Within the records below is a range that opens at the line with "BEZUIDENHOUT Johanna Francina 1911-1954" and closes at the line with "Floorplan of Homely". Return that range word for word, both ends included, and only that range.

**Given records:**
^^^^^^^^^^^^^^^^

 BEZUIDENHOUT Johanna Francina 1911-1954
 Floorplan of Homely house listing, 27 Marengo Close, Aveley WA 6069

^^^^^^^^^^^^^^^^

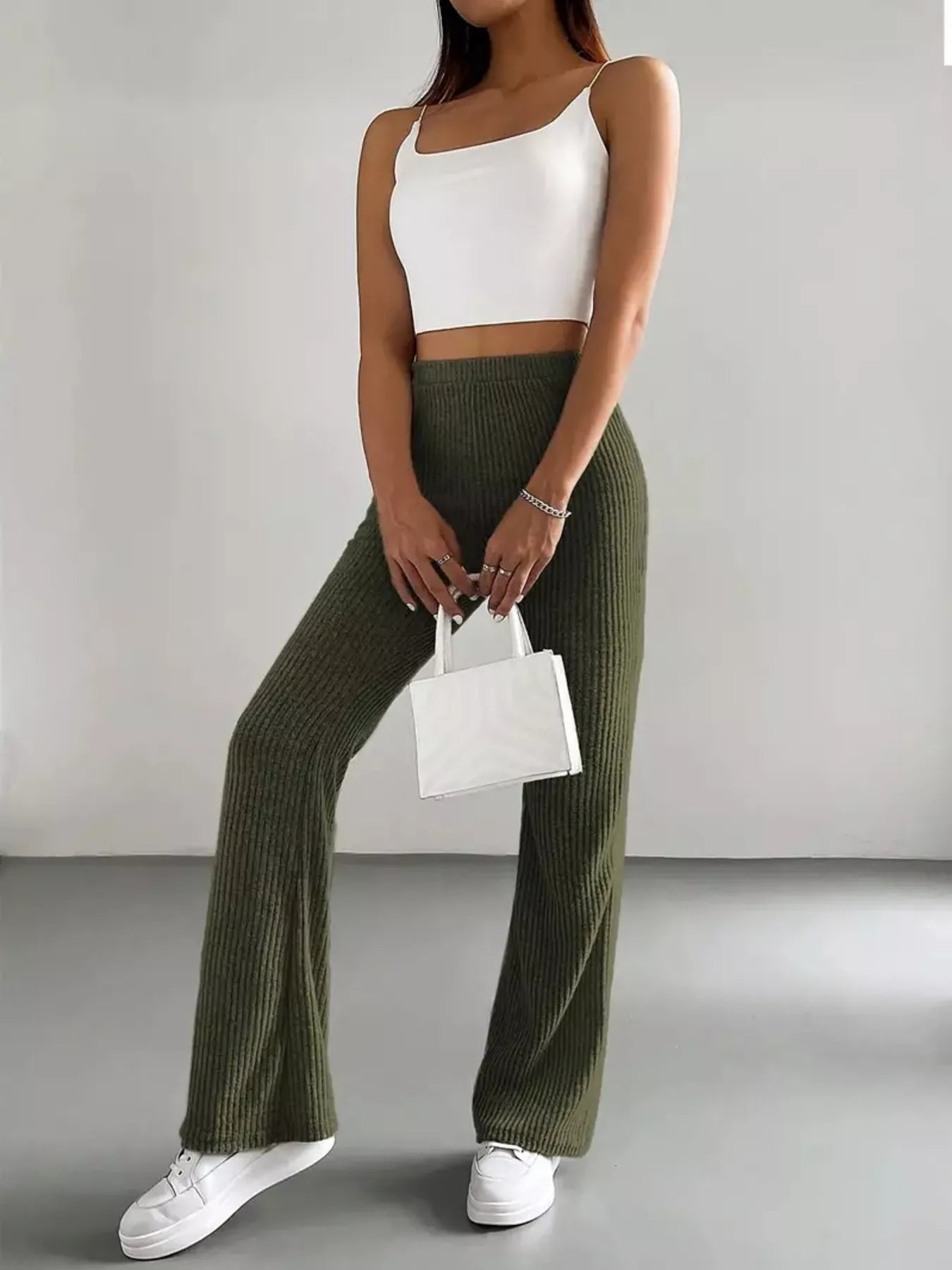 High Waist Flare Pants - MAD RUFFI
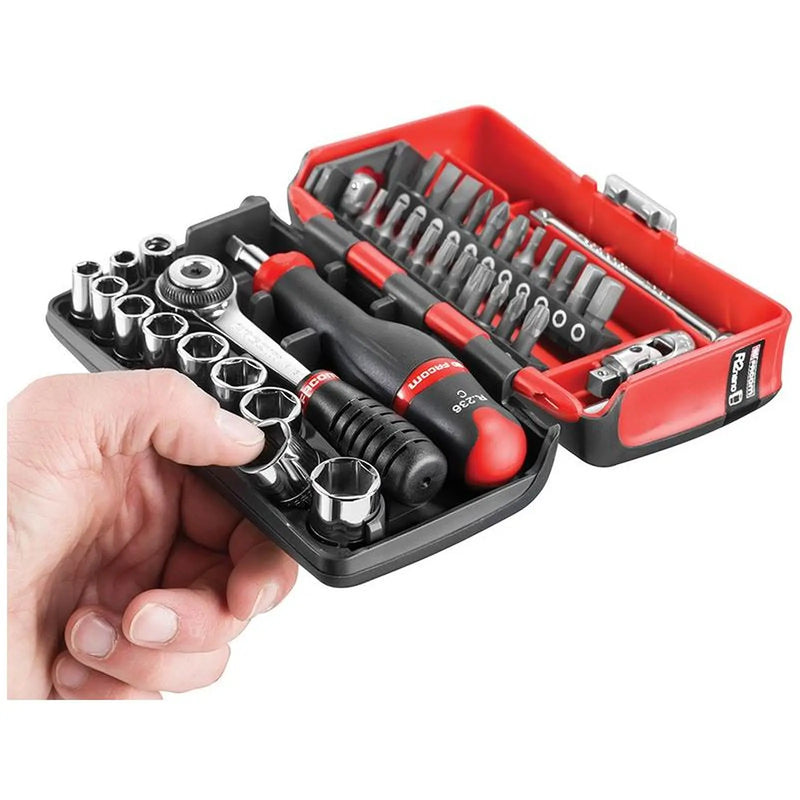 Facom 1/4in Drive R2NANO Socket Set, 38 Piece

^^^^^^^^^^^^^^^^

**Solution to the exercise:**
 BEZUIDENHOUT Johanna Francina 1911-1954
 Floorplan of Homely house listing, 27 Marengo Close, Aveley WA 6069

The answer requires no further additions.